**Dataset excerpt:**
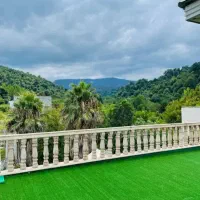 تو روف این ویلا بشین و از ویوش لذت ببر*ایرکا*کدb18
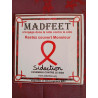 Madfeet - sidaction (neuf sous blister)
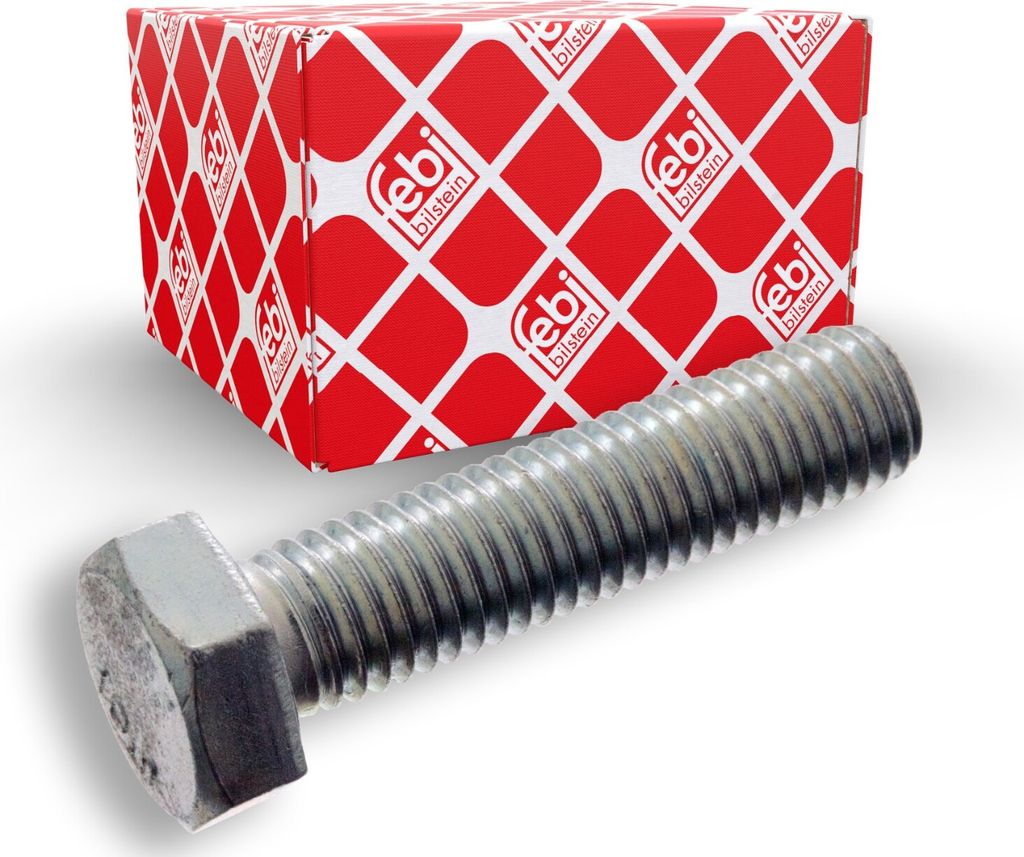 FEBI BILSTEIN Schraube Schrauben 102553 für MAN F90 58mm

**Task goal:** From the material above, print everything exactly except the pictures.

**Exercise output:**
 تو روف این ویلا بشین و از ویوش لذت ببر*ایرکا*کدb18
 Madfeet - sidaction (neuf sous blister)
 FEBI BILSTEIN Schraube Schrauben 102553 für MAN F90 58mm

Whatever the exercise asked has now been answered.